*The task*
Answer with a number only, stating how many lines of the records hold the word "segura".

*Extracted entries*
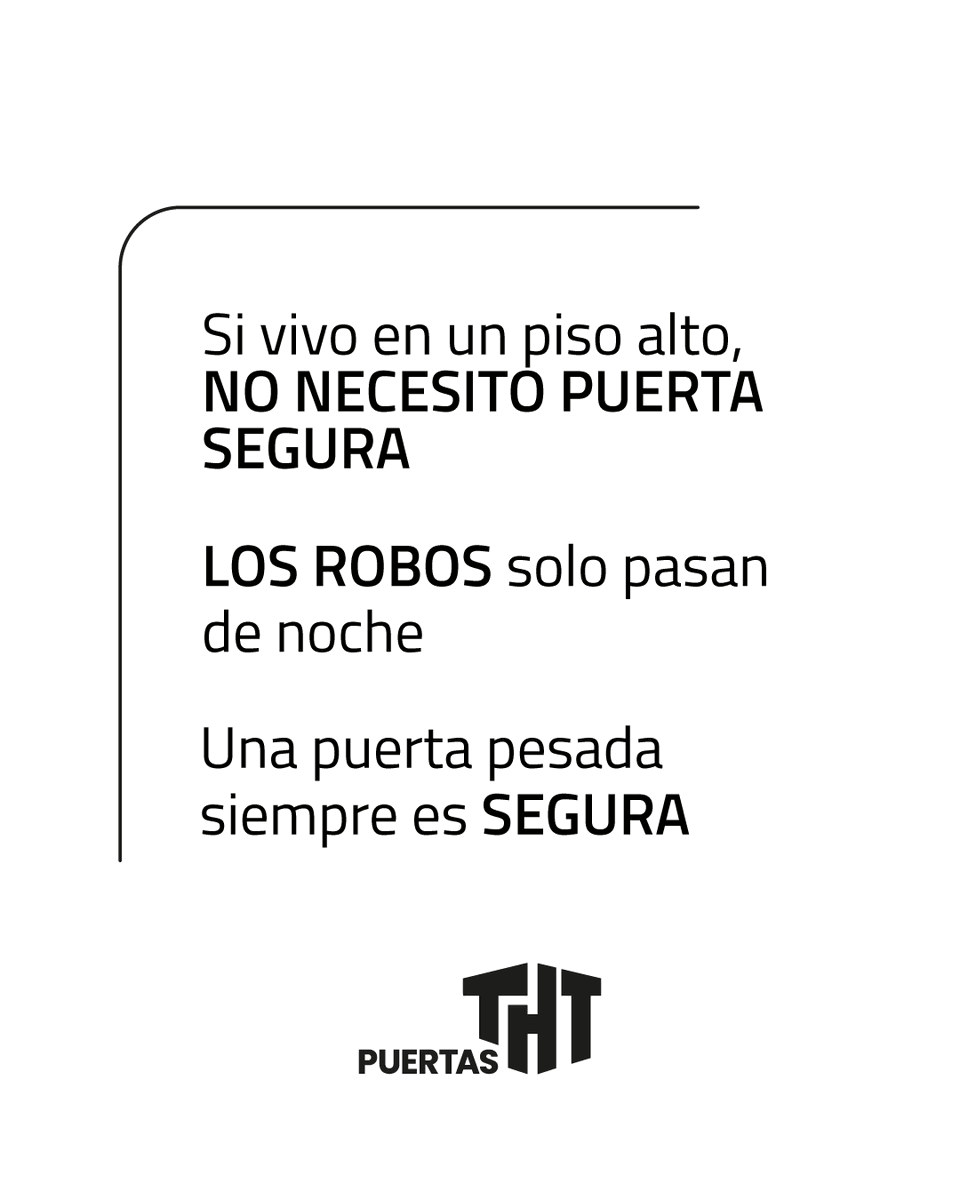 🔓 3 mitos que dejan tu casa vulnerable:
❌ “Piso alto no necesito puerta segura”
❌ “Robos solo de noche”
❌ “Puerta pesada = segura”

--

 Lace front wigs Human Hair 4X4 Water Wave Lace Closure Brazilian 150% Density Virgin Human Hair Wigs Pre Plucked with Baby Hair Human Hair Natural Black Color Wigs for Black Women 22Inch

*Answer for the task*
2